[Dataset entries]

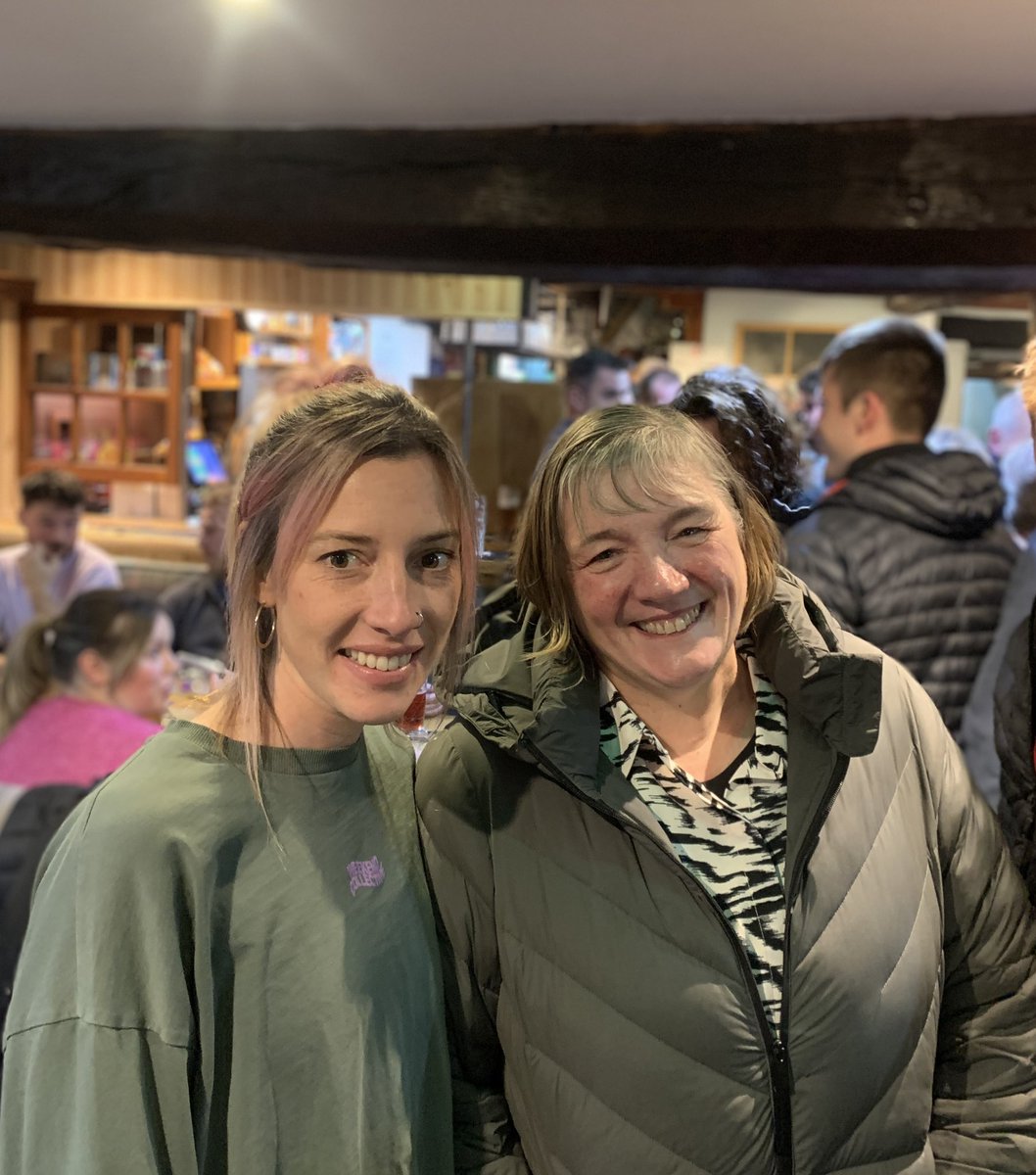 Diolch i bawb ddaeth draw i noson agoriadol ein tafarn cymunedol ni neithiwr! Thank you to all who came to the opening night of our community pub last night! Noson hyfryd ac arbennig iawn. A very special evening. Rhannwch eich lluniau! #cymuned #yreagles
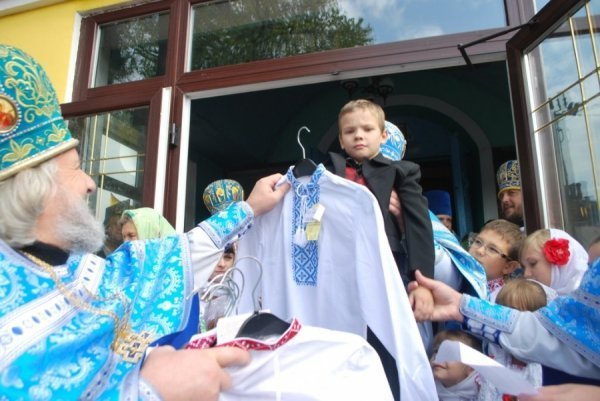 Волинські священики подарували вишиванки дітям, батьки яких воюють на сході. ФОТО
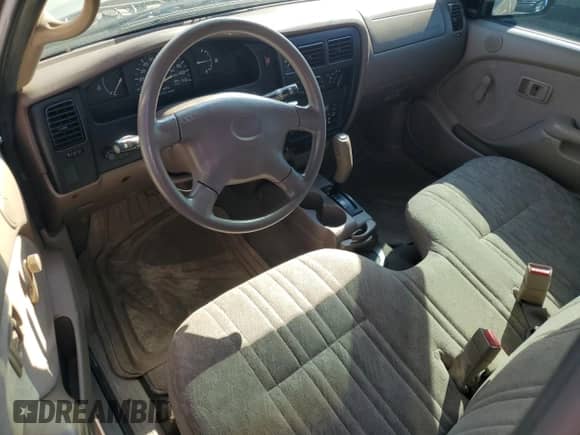 2004 Toyota Tacoma with VIN 5TENL42N44Z434411, listed as a Copart auction lot 84622045 with 70,554 mi miles and Salvage title. Bid and sale history available at DreamBid. Image 8.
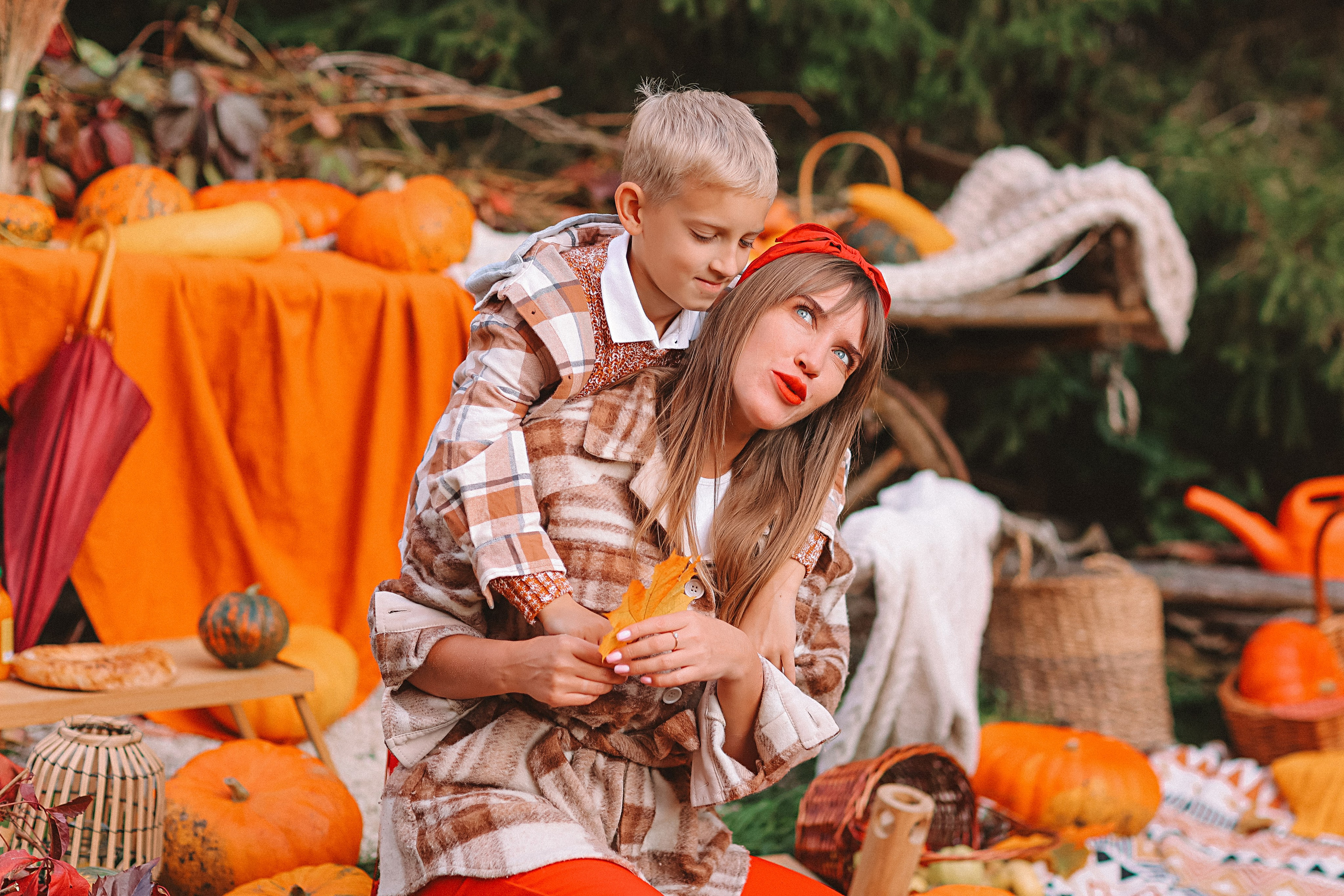 Тыквы. Семейный фотограф Тюмень, фотограф на роды Салмина Мария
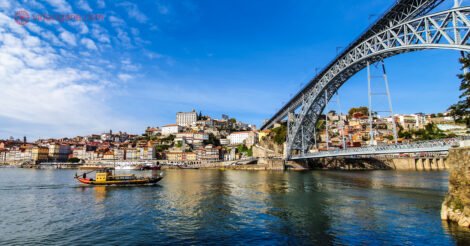 O que fazer no Porto: um barco rabelo no rio douro, perto da ponte d. luis I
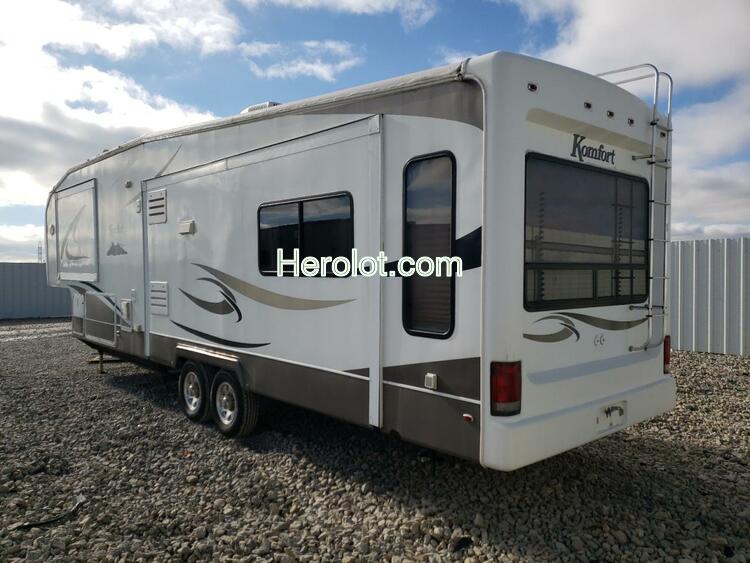 KOM TRAILER 2009 white    66901462 1K53KFR2X92034861 1K53KFR2X92034861 photo #4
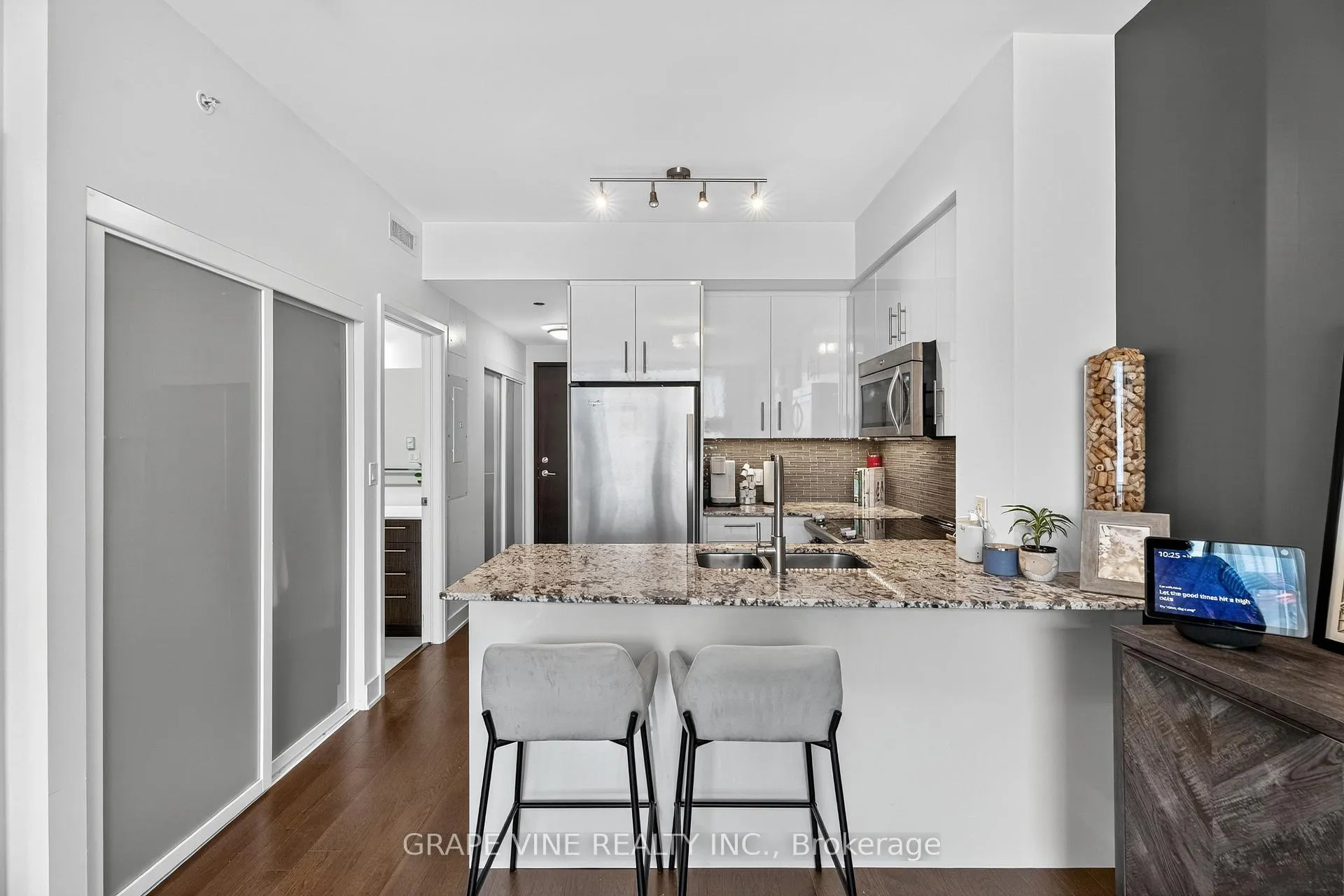 Photo 10 of Unit 304, 1035 Bank Street, Ottawa, Glebe — HOMEH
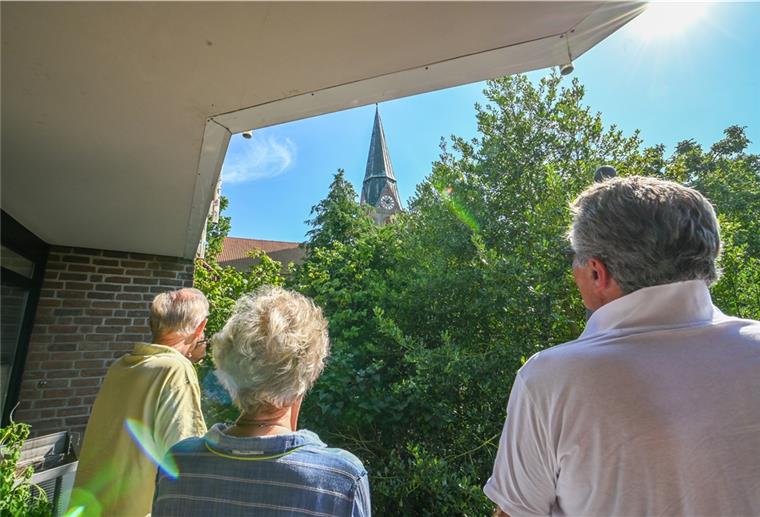 Bad Bederkesa: Spendensammlung sorgt für Ärger Die Anwohner der Bederkesaer Kirche sind unterschiedlicher Meinung zum Klang des Glockenturmes. Diese finden ihn nicht so toll.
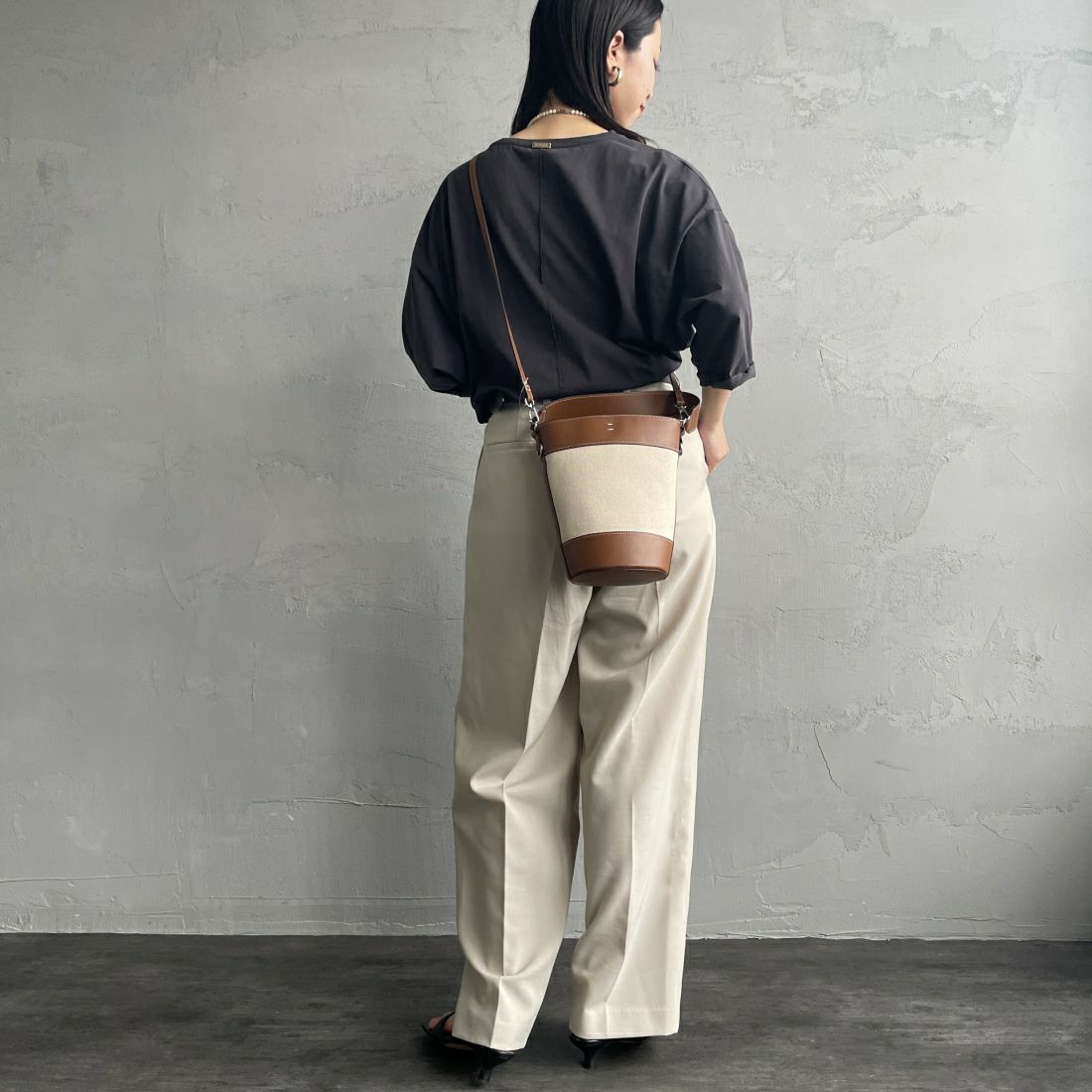 &MyuQ [アンドミューク] LUCIE ミニショルダーバッグ [MCB051] OWHT/CML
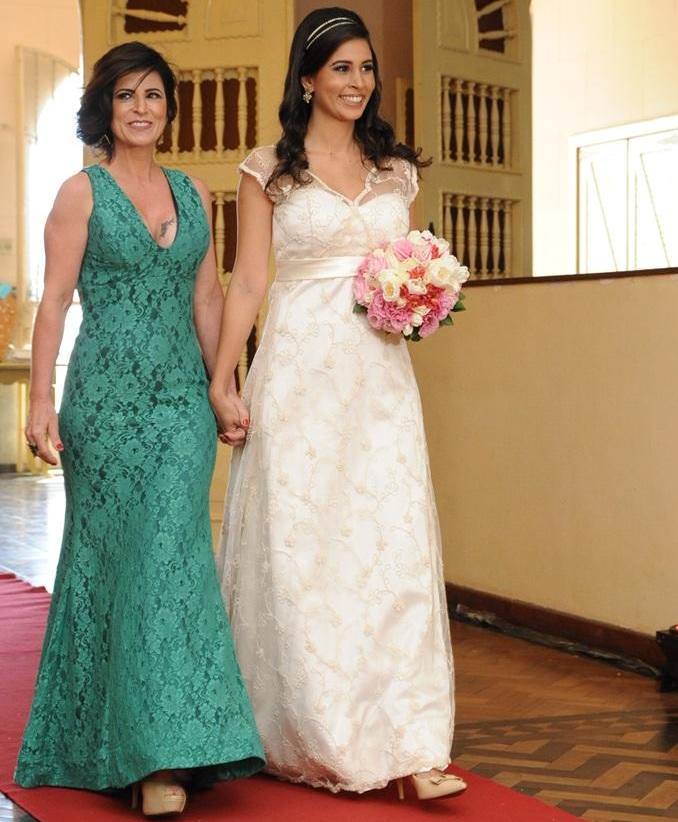 Fashion Mermaid Lace Mother Of The Bride Dresses V-Neck Hunter Wedding Guest Dress Floor Length Plus Size Formal Gowns
Fashion Mermaid Lace Mother Of The Bride Dresses V-Neck Hunter Wedding Guest Dress Floor Length Plus Size Formal Gowns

* Work request
Omit the pictures and write out the lines above from the one with "Photo 10 of" through the last, unchanged.

* Written solution
 Photo 10 of Unit 304, 1035 Bank Street, Ottawa, Glebe — HOMEH
 Bad Bederkesa: Spendensammlung sorgt für Ärger Die Anwohner der Bederkesaer Kirche sind unterschiedlicher Meinung zum Klang des Glockenturmes. Diese finden ihn nicht so toll.
 &MyuQ [アンドミューク] LUCIE ミニショルダーバッグ [MCB051] OWHT/CML
 Fashion Mermaid Lace Mother Of The Bride Dresses V-Neck Hunter Wedding Guest Dress Floor Length Plus Size Formal Gowns
Fashion Mermaid Lace Mother Of The Bride Dresses V-Neck Hunter Wedding Guest Dress Floor Length Plus Size Formal Gowns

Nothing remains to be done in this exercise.